M.J. Payne I read a number of your comments on the mystery writer blog. That is a practical and fun collection of musings. Writing in first person is powerful, as you say. It forces some strange revelations out of the protag. Very nice blog. I like it! Lots of food for thought.


message 2: by M.J. (new)

M.J. Payne Ugh I'm screaming! I just got that novel to the point of being at a long (one of last) edits and now I see I have to RE-WORK the whole freaking thing!! I wrote it in third person for a lot of good reasons but I realize it won't do. Oh it could do. But I wrote "Self" in first person present from three-4 yr. old dissociating child's point of view to eliminate the need for adult descriptions of the actions. I think that's where the power comes from. Since "Fulcum..." is from adult view I have to deal with "some doors I'd rather leave shut" as you wrote. I can't leave them shut in first person. Remarque appears always to use first person. Then you mention it. The book IS fiction. sorta. But not emotional fiction. g+ is the subconscious plot. I suppose it's the rough draft. It scares me. I'm afraid to write it. All the blasted marketing is so time consuming. Was there ever a well-written book with explicit sex, an adult book? If so I haven't read it. The childhood stuff just grows up with us it never goes away. "Fulcrum of Desire" is the adult version of how the blunt force of childhood experiences twist and turn. No matter that I destroyed all my college notebooks, tore up all the artwork and burned it in the fire it is still as real as if I never did it. I don't know what made me think it would make it go away. I guess it's got to burn through me. Sorry. I thought maybe you'd like the truth given how you wrote "Proud Bastards" and how much you like Remarque. It takes everything to produce it as experienced.

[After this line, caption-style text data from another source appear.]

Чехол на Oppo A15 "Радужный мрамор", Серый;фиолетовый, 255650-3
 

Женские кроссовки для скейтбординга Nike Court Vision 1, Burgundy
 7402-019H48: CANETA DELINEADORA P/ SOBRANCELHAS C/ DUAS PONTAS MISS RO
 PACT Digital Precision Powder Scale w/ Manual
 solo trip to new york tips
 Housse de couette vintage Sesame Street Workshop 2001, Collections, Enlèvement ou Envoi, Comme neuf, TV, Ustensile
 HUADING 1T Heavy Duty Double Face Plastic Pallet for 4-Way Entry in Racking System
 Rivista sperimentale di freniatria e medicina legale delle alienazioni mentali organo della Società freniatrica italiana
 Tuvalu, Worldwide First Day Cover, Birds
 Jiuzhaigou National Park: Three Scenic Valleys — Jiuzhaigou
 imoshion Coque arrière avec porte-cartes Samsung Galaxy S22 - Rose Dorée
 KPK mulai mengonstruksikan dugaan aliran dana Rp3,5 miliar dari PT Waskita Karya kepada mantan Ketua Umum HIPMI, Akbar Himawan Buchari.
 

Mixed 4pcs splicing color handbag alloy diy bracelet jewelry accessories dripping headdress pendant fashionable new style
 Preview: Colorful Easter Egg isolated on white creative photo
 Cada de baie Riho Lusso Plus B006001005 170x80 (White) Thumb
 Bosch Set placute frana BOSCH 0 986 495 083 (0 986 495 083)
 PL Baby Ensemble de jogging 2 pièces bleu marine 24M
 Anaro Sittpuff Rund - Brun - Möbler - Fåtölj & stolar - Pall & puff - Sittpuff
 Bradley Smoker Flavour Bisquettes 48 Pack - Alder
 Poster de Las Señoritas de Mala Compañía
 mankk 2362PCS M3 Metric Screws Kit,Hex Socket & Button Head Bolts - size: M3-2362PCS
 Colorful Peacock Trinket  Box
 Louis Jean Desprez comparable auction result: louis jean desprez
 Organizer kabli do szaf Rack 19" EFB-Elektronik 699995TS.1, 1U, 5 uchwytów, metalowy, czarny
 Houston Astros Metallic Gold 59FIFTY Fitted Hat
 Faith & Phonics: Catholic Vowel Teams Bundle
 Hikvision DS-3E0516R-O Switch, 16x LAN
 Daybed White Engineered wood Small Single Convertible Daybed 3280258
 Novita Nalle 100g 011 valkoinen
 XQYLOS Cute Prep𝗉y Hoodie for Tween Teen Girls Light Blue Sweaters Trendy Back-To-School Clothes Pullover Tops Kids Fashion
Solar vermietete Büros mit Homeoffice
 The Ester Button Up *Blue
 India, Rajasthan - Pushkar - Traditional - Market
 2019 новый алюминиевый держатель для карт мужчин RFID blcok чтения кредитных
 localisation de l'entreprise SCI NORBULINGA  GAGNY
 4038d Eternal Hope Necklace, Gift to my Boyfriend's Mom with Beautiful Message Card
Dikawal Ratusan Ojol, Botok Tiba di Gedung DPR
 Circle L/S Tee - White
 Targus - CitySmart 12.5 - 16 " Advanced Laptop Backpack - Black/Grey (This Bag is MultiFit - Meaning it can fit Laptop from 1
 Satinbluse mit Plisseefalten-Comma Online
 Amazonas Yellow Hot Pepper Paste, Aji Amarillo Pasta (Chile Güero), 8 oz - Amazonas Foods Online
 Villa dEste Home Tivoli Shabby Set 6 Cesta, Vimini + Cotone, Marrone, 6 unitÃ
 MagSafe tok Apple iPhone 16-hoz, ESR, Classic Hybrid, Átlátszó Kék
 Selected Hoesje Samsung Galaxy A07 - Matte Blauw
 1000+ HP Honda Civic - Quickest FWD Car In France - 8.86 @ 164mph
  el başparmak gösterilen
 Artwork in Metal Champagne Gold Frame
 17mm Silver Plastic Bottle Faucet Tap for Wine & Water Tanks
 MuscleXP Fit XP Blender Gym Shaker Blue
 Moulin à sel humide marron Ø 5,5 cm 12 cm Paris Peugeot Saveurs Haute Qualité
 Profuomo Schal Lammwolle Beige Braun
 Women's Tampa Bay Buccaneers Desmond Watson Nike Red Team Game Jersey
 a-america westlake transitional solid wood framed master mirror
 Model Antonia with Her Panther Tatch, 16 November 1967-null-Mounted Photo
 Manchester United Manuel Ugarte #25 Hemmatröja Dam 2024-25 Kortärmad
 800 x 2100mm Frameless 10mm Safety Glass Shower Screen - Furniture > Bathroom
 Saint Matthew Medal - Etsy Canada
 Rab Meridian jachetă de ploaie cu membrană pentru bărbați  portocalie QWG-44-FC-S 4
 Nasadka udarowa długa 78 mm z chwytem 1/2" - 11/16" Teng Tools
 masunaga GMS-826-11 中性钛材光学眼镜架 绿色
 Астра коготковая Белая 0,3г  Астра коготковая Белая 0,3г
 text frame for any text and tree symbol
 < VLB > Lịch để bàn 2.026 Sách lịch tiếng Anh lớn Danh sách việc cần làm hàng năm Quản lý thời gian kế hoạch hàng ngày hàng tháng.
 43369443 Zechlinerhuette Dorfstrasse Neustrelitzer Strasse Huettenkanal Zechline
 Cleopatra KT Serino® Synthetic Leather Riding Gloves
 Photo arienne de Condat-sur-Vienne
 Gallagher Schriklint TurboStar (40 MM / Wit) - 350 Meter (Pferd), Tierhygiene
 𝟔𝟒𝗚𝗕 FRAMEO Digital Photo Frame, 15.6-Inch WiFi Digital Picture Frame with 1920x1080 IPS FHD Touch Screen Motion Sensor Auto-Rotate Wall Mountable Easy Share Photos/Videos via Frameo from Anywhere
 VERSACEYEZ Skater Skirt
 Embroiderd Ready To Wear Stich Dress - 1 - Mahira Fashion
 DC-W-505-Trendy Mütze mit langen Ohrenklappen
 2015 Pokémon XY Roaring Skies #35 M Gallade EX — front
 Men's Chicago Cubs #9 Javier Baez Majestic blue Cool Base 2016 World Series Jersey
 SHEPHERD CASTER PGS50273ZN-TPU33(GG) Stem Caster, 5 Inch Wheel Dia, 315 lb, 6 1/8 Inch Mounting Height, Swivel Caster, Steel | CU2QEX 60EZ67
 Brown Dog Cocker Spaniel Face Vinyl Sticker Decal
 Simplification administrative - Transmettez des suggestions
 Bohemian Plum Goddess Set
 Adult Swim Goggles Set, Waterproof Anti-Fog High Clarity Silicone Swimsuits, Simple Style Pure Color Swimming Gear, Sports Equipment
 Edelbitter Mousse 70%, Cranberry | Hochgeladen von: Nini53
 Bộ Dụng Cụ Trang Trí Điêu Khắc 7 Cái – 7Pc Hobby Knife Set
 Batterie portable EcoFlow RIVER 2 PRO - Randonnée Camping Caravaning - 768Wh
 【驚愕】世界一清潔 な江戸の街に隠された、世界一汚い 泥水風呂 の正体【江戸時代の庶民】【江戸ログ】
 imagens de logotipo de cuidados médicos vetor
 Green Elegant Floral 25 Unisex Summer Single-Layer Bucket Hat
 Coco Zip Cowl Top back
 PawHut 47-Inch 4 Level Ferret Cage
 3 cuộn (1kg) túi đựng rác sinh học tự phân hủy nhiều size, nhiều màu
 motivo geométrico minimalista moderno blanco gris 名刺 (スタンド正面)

message 3: by E.Michael (new)

E.Michael Helms Yikes, an entire re-write! Are you sure? Third-person can be effective. I certainly wasn't trying to influence you to go first-person. You know what YOU have to do. Go with your heart and soul.
--Michael


message 4: by M.J. (new)

M.J. Payne I know you weren't. I'm thinking on it. I think I'll write a scene from first-person and see how it goes. The problem is the dissociative identity thing in the protag. She splits. And she's unconscious during important scenes. I will go with my heart and soul. I always do. Please note, I appreciate nudges you have given very much. You are so talented, polished and accomplished that it inspires me to write my best. I need nudges from time to time. It doesn't matter if they lead me to question what I'm doing.


message 5: by M.J. (new)

M.J. Payne Thanks :-)


message 6: by E.Michael (new)

E.Michael Helms (M.J. wrote): You are so talented, polished and accomplished that it inspires me to write my best.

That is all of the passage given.